Insect ‘tree of life’ shows bugs ruled prehistoric world

Gold Sand wasp (Hedychrum nobile). (Copyright: Dr. Oliver Niehuis, ZFMK, Bonn. Photo: Teamwork Oliver Niehuis & Tanja Ziesmann)

A reconstruction of the insect tree of life shows that 400 million years ago the world belonged to bugs.

The study answers many long-held questions about the evolution of the world’s largest and most diverse group of animals.


The new tree of life is the first dated evolutionary tree of this magnitude, says coauthor Akito Kawahara, assistant curator of Lepidoptera at the Florida Museum of Natural History at University of Florida. “Until now, we didn’t have a good understanding of how these diverse groups of insects are related to each other.

“Many insects important to everyday life and scientific research were included in the study, such as agricultural pests, vectors of disease, and pollinators. This study provides a foundation for future study of insects. For example, if we want to understand the genetics of how silk is produced, we must first understand how silk worms evolved over time.”

For the study, published in the journal Science, researchers selected 144 species and DNA sequenced nearly 1,500 genes, resulting in reliable estimates on the dates of origin and relationships of all major insect groups.

“Insects are the most species-rich organisms on earth. They are of immense ecological, economic, and medical importance and affect our daily lives, from pollinating our crops to vectoring diseases,” says lead author Bernhard Misof with the Zoological Research Museum Alexander Koenig in Bonn, Germany.

“We can only start to understand the enormous species richness and ecological importance of insects with a reliable reconstruction of how they are related.”

First wings

The study shows that insects originated at the same time as the earliest terrestrial plants about 480 million years ago, suggesting both groups shaped the earliest land ecosystems.

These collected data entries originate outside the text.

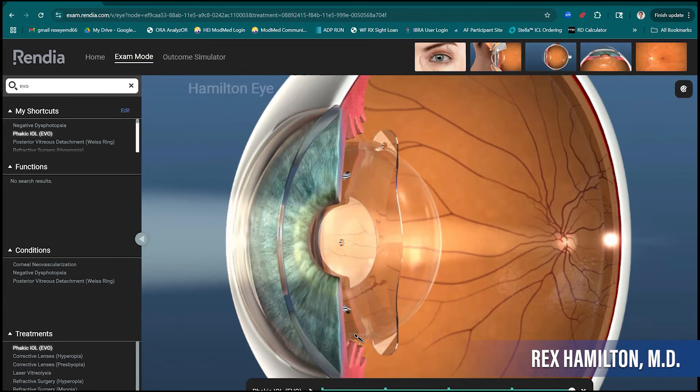How do you select which lens to use? There are two things with the EVO: size and power. The power is straightforward — we measure the glasses prescription and use formulas to determine the correct power for the eye. For sizing, we measure the dimensions of the eye — the width of the cornea, the depth of the front part of the eye — put all those numbers into a formula, and that tells us the right size. It's not 100%, but if it's not right, it's about a 2-3% chance we'd need a swap.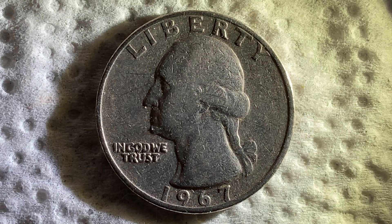1,524,031,000 were produced. This is a look at the front of the coin, or what's known as the obverse. We see George Washington, the very first U.S. President, in the center of the coin, facing left. Liberty is at the top, In God We Trust at the lower left, and 1967 at the lower portion of the coin — that is when this coin was produced.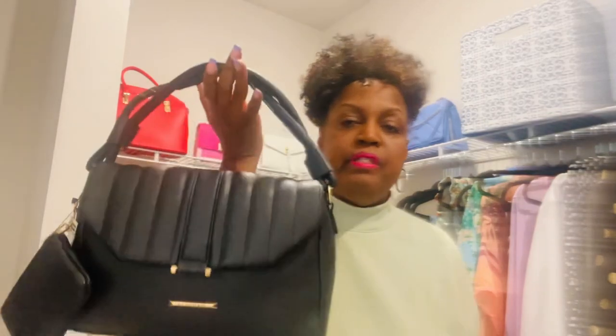Grandmama didn't go crazy this time! And by the way, I'm not grandma - I'm GG, okay. I chose to be called GG because I ain't ready for grandmama. But yeah, that's what I chose to be called - GG.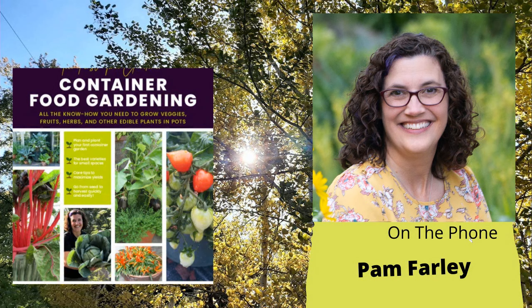Pam Farley is also known as Brown Thumb Mama. She is a blogger, author, and small business owner. Her new book, The First Time Gardener: Container Food Gardening, comes out March 7th. Welcome to the program, Pam.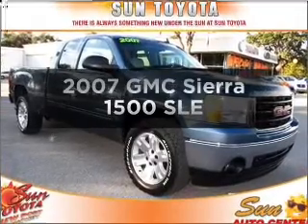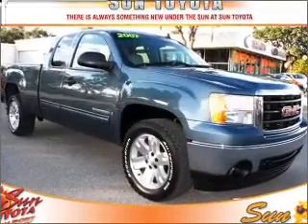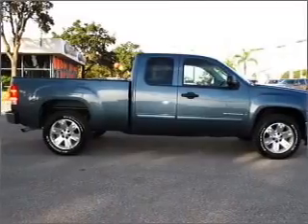Check out this 2007 GMC Sierra 1500. Everything you need under one roof with this great vehicle.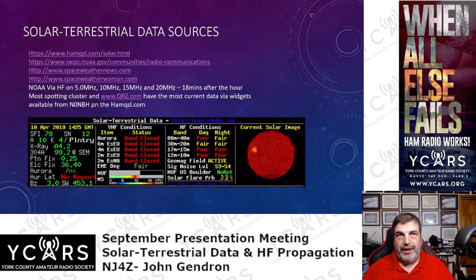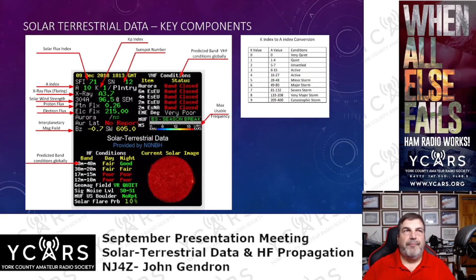Most spotting clusters and QRZ have this widget. It looks a little intimidating but it's not too bad. Key components: up in the corner you have the solar flux index (SFI), sunspot number (SN), the A index, the K index (KP — planetary), X-ray flux (the flaring component), solar wind strength, proton flux, electron flux, interplanetary magnetic field. You also see the predicted band conditions globally, VHF conditions globally, the maximum usable frequency (MUF), and a picture of the sun. When there are sunspots, you'll see dark spots on the sun.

Analysis of the tree shows insects developed wings 400 million years ago, long before any other animal, and at nearly the same time land plants grew substantially to form forests.

“The questions that surround this study have to do with how life on Earth came to be what it is today,” Kawahara says. “For insects, one of the major hypotheses is that angiosperm radiation correlated with the diversification of insects. This study allows scientists to look at broad questions like this.”

The 1KITE project, aims to eventually study the transcriptomes of more than 1,000 insect species encompassing all recognized insect orders, says Xin Zhou, deputy director at the China National GeneBank.

“For applied research, it will become possible to comparatively analyze metabolic pathways of different insects and use this information to more specifically target pest species or insects that affect our resources,” he says.

“The genomic data we studied (the transcriptome—all of the expressed genes) gives us a very detailed and precise view into the genetic constitution and evolution of the species studied.”

Who, what, when, why

It is the profoundly diverse nature of insects that has presented insurmountable problems for scientists reconstructing relationships, says Gavin Svenson, curator and head of invertebrate zoology at the Cleveland Museum of Natural History. “The findings not only advance our understanding of the origins of insects, but add confidence to our organization of the groups.”

“This new knowledge will significantly build the capability of evolutionary research, as well as comparative biology, since accurate measures of organismal relationships are fundamental to our interpretation of morphology, genetics and physiology, to name a few.”

Just as the diversity of insects has always been a problem for scientists, the project’s goal of analyzing a large number of insect transcriptomes posed a major challenge, since software that could handle the enormous amount of data was not available.

“The development of novel software and algorithms to handle “big data” such as these is another notable accomplishment of the 1KITE team, and lays a theoretical foundation for future analyses of other very large phylogenomic data sets,” says coauthor Alexis Stamatakis with the Heidelberg Institute of Theoretical Studies in Germany.

The evolutionary history of an organism “forms the foundation for telling us the who, what, when, and why of life,” says coauthor Karl Kjer of Rutgers University.

“Many previously intractable questions are now resolved, while many of the ‘revolutions’ brought about by previous analyses of smaller molecular datasets have contained errors that are now being corrected.”